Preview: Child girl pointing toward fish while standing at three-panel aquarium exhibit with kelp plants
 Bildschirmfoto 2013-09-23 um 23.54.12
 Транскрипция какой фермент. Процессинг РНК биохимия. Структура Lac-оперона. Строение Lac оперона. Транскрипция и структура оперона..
...
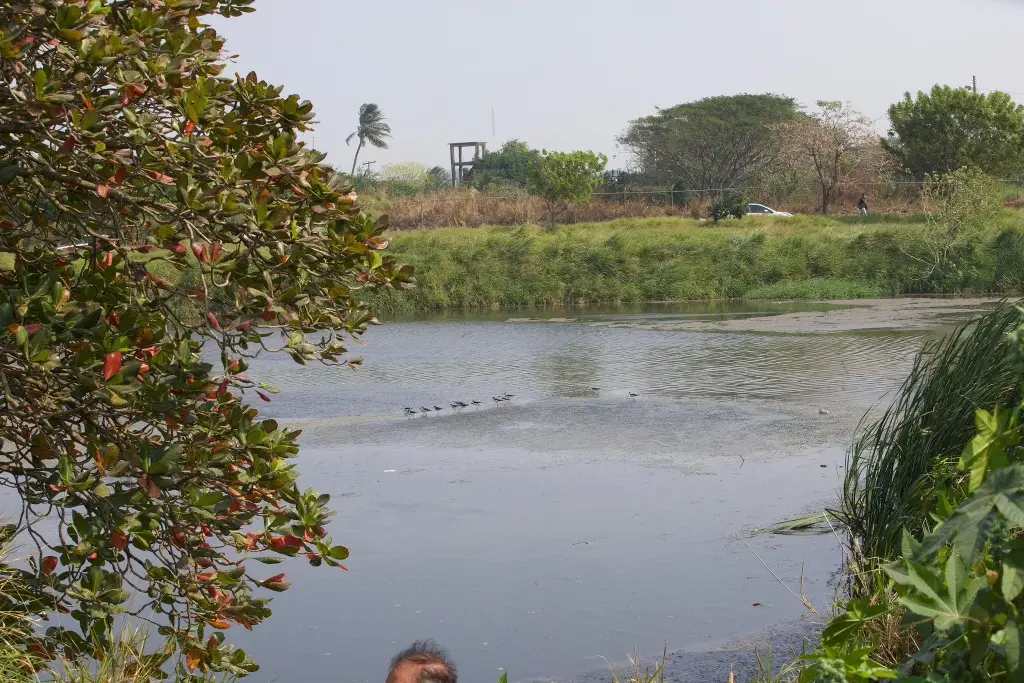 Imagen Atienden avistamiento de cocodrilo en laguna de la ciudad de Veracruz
--
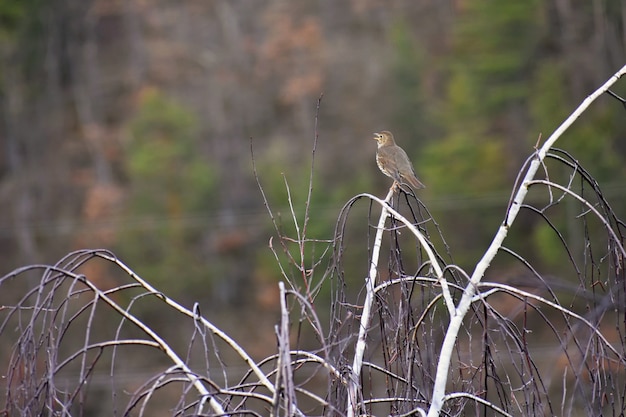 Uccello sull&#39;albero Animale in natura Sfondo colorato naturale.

### What is required
Please give back exactly the lines of the listing above that run from the one containing "Bildschirmfoto 2013-09-23 um 23.54.12" through the one containing "Транскрипция какой фермент.", and only those.

### Exercise solution
 Bildschirmfoto 2013-09-23 um 23.54.12
 Транскрипция какой фермент. Процессинг РНК биохимия. Структура Lac-оперона. Строение Lac оперона. Транскрипция и структура оперона..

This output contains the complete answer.